Does comma category generalize natural transformation to a certain extend?

I am concerned with a question: could comma category be seen as a weaker version (or just a generalization?) of a natural transformation between two functors?

Assume: $$F, G : \mathbb{A} \mapsto \mathbb{B}$$ are functors.

The comma category $$(F | G)$$, among other objects, would contain triples of the kind $$(F(A), G(A), f: F(A) \rightarrow G(A))$$, where $$f$$ could be seen as the $$\lambda_A$$-component of the $$\lambda: F \implies G$$.

AFAICS, a morphism $$(F(A), G(A), \lambda_A) \rightarrow (F(B), G(B), \lambda_B)$$ in the $$(F | G)$$ is a naturality requirement itself, just written quite unsually. Since $$\lambda$$ requires each $$(A \rightarrow B) \in Mor(\mathbb{A})$$ to commute, $$(F|G)$$ yields a valid natural transformation iff $$\forall f: A \rightarrow B, f \in Mor(\mathbb{A}): \exists f_{(F|G)}: (F(A), G(A), \lambda_A) \rightarrow (F(B), G(B), \lambda_B), f_{(F|G)} \in Mor((F|G)), f_{(F|G)} = (F(f), G(f))$$

...in other cases, there might be no complete natural transformation, but it still feels similar and looks like a kind of weaker, more general version of it.

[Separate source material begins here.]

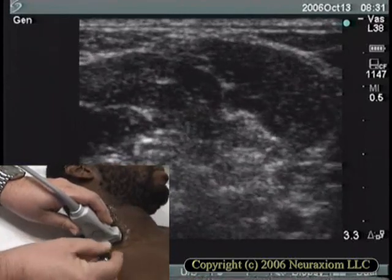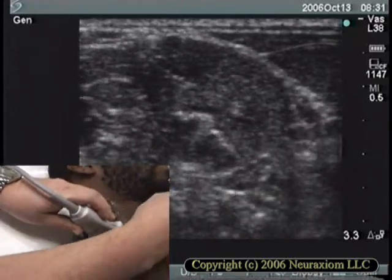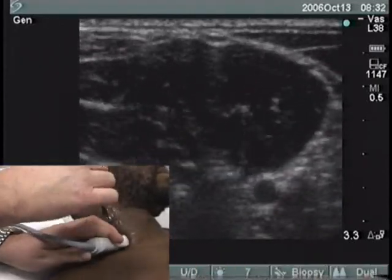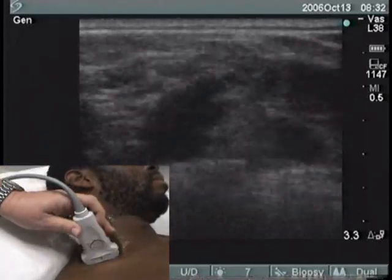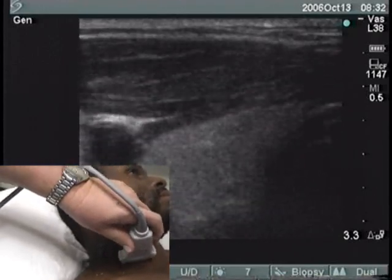Here, I'm showing some possible needle approaches for the block: transverse under, longitudinal, or transverse over.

Is it right view?

Comma categories do satisfy a particular universal property in the 2-category $$\mathbf{Cat}$$. Given functors $$F:A\to C$$ and $$G:B\to C$$, the comma category $$(F\downarrow G)$$ comes equipped with the obvious projections $$p_1:(F\downarrow G)\to A$$ and $$p_2:(F\downarrow G)\to B$$ and a natural transformation $$\alpha:F\circ p_1\Rightarrow G\circ p_2$$ which are universal for such diagrams; i.e. given any other functors $$X:D\to A$$ and $$Y:D\to B$$ and a natural transformation $$\beta:FX\Rightarrow GY$$, there is a unique functor $$H:D\to (F\downarrow G)$$ with $$p_1\circ H=X$$ $$p_2\circ H=Y$$ and $$\alpha H=\beta.$$
It should be easy to see, and a sense of this is probably what prompted your observation, that the comma category $$(id_C\downarrow id_C)$$ is really just the arrow category on a category $$C$$, and the above property specializes to the familiar fact that functors into the arrow category of $$C$$ correspond to natural transformations between pairs of functors to $$C$$. If we think of arrow categories as spaces of natural transformations, and comma categories as generalized arrow categories, then you're spot on that comma categories are spaces indexing certain classes of natural transformations (or natural transformation-like things).